Harald Gölles: The problem with handwritten texts is it is more difficult, and sometimes impossible, to read individual characters in isolation—which is how computers typically interpret print. If you look at different writing styles, you will see the same letters written many different ways. Sometimes they’re clearly written, but often they’re just implied. An “S”, for example, may just be a line or a curve. This means some letters may be indistinguishable from a dash or a hyphen, and so can’t be understood in isolation. You cannot decode handwriting character by character in the way you can print. You have to interpret a whole line of writing in order to get the meaning.
This is not the same as an electronic pen on a computer. There, the problem is already solved, because the machine can see the motion of the writing. It can see the text being created—it has a lot more information to work with. But with ink writing, the machine only has the finished product, which makes it harder to interpret.
Wallace: How do you teach the software to recognize all the different varieties of handwriting out there?
Gölles: We use a technique called transfer learning. The neural network breaks words down in order to classify their components and then recognize them again in other words. Think of all the ways of writing the letter “S”: there may be a lot, but they do follow common patterns and styles. If you feed enough handwritten words into the machine, the neural network can quickly learn all of the common ways that letter can appear in different words, even if it isn’t recognizable on its own. Just as a human isn’t confused by one strangely-written “S” in the middle of a word, the machine can identify the letter based on the context in which it appears.
But the most exciting thing is the neural network can learn things about handwriting that are not obvious to a human reader. For example, we found the software can identify male or female names just by the way they’re written with 80 percent accuracy. This isn’t just down to the names themselves. It seems there is something in the handwriting that reveals what the writer knows about the subject, such as whether a person is male or female. We don’t even know what it is, but the machine can spot it.
Wallace: How does SearchInk’s ability to interpret handwriting compare to that of a human? For example, can it help us finally figure out what doctors’ scribbles are all about?

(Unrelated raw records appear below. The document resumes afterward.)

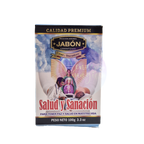 Jabón Floral - Salud y Sanación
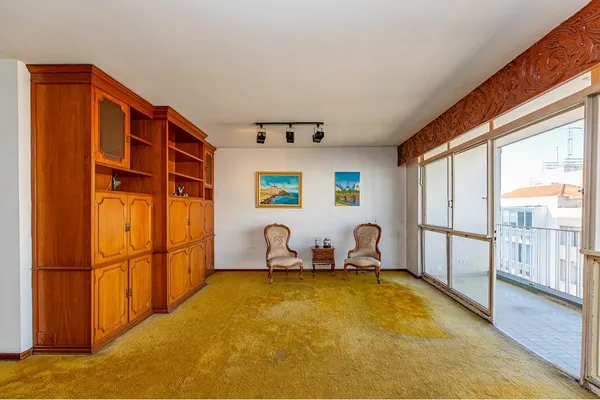 Apartamento à venda com 3 quartos, 254m² - Bom Retiro,São Paulo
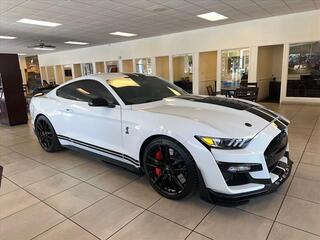 2021 Ford Mustang for sale in Dothan AL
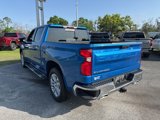 Used 2022 Chevrolet Silverado 1500 LTZ image 5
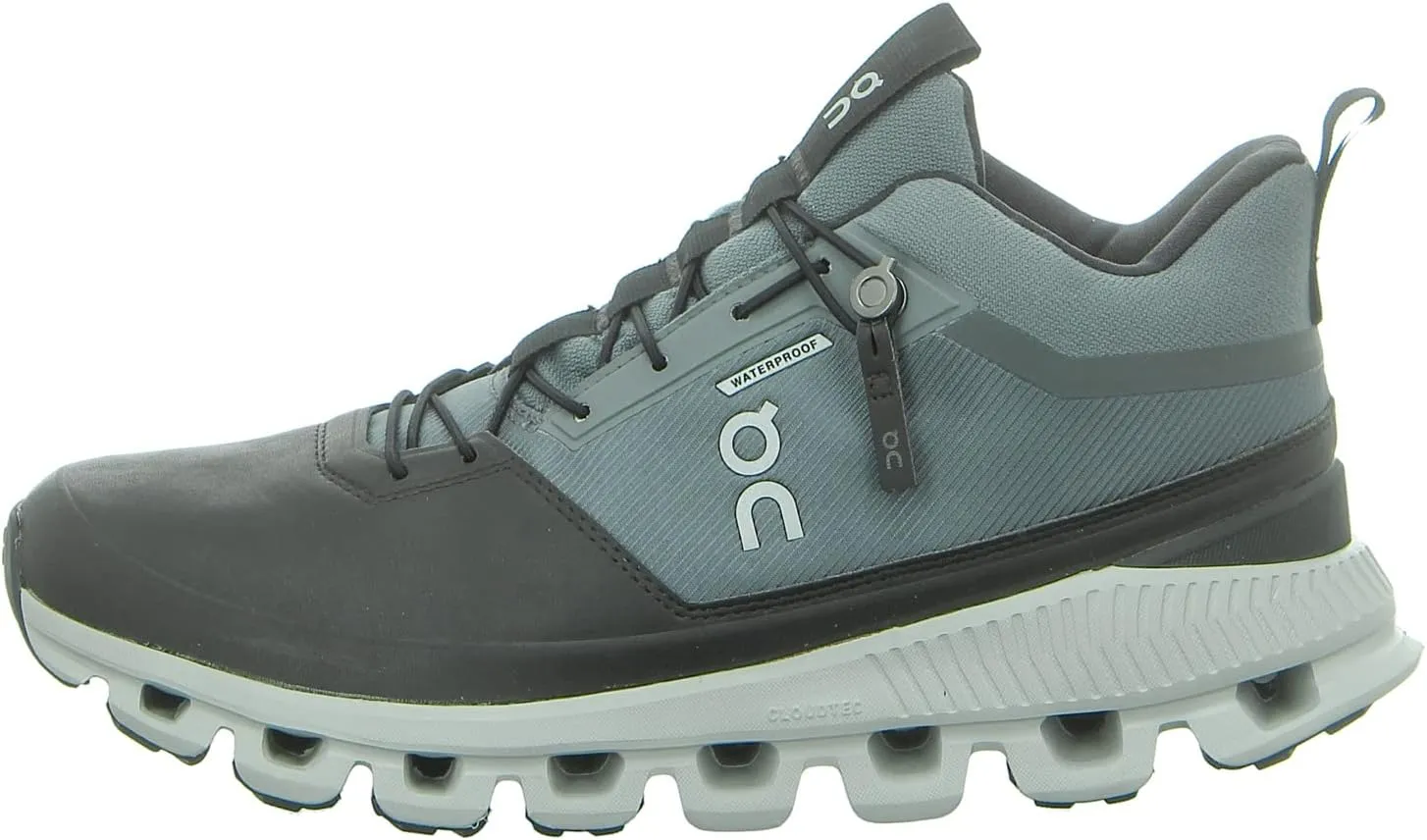ON mens High-top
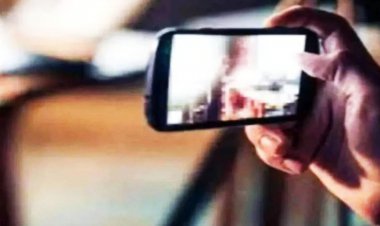 CG – बॉयफ्रेंड ने गर्लफ्रेंड को प्रेम जाल में फसाया, पीड़िता की बिमा राशि देख फूटा लालच, AI से अश्लील वीडियो बनाकर लूटे लाखों रुपए, फिर जो हुआ……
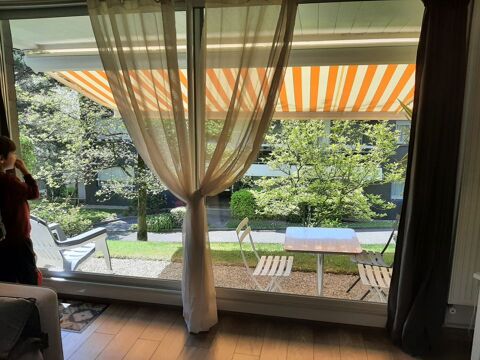   Appartement de 34m2 à louer sur Vannes Appartement - 2 pièce(s) - 34 m²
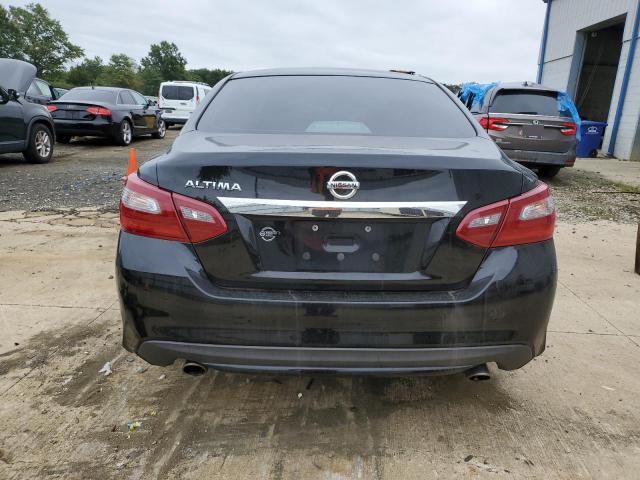 Photo 6 from auction – 2018 NISSAN ALTIMA 2.5 with VIN 1N4AL3AP4JC160686
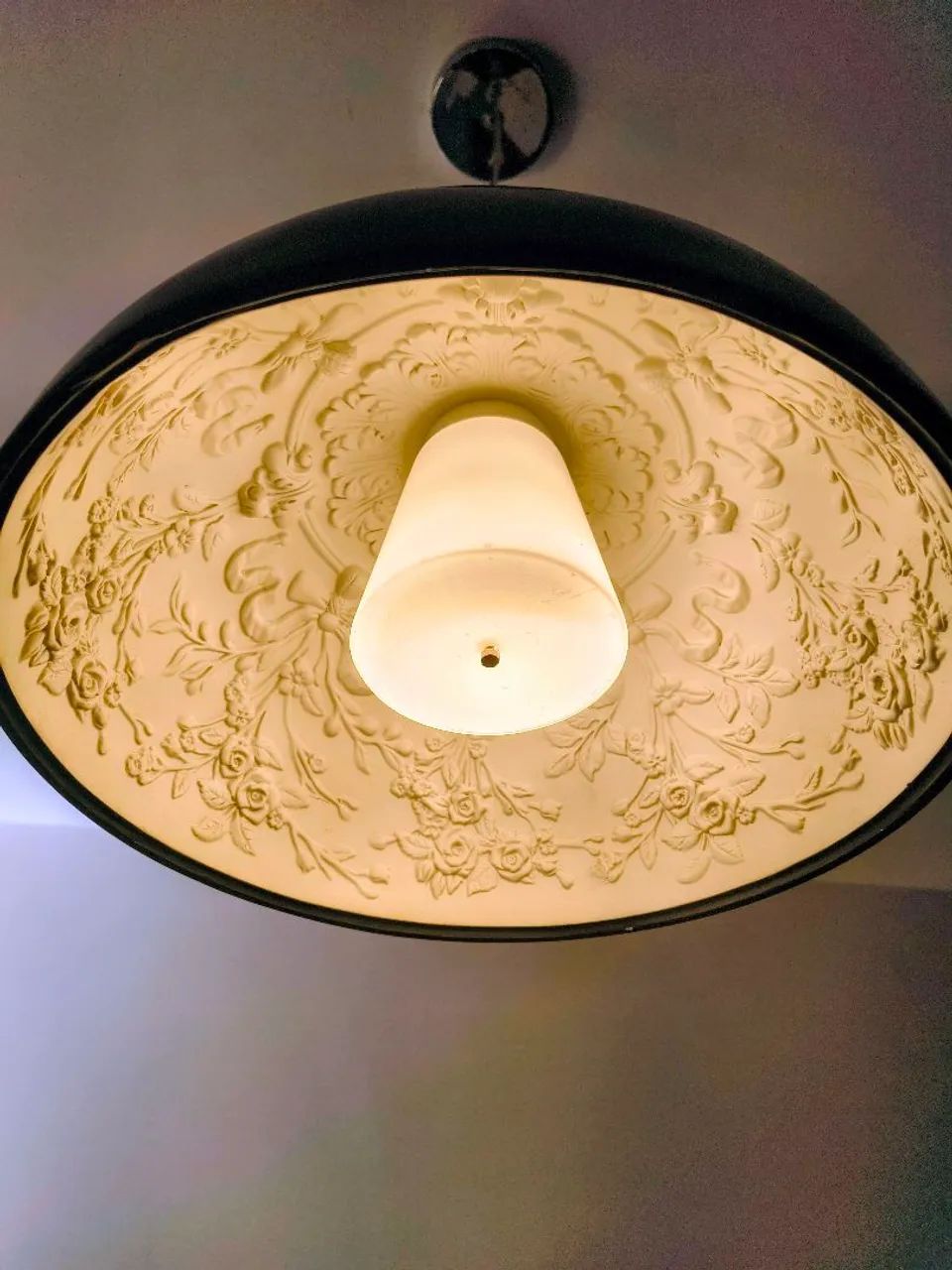 Luminária de teto - Foto 2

Gölles: The machine is better than humans at reconstructing texts that are just badly written. The software engine reduces everything that’s written to its base variations, whereas a human looks for meaning straight away—this gives the machine something of an advantage when it comes to “illegible” texts. So with a doctor’s note, it may well be that the text is incomprehensible to humans. But that doctor probably writes many, many prescriptions and sick notes, so the software can reduce it to its basic elements and compare it with all the other information in the neural network, giving the machine a better chance of understanding than a human.
But the software can only do this better than humans as long as the text adheres to some basic conventions of writing that the machine has seen before. For example, if we found an old book not written according to modern “rules”—perhaps in an earlier version of the language, or when writing standards were very different—the machine might need more information before it could interpret it, whereas a human may still be able to figure it out.
Wallace: SearchInk is owned by Qidenus, another company you co-founded, which applies digital technologies to books and archives, and also produces robotic book scanners. What do you think the impact could be of the automated ability to digitize and search any kind of text?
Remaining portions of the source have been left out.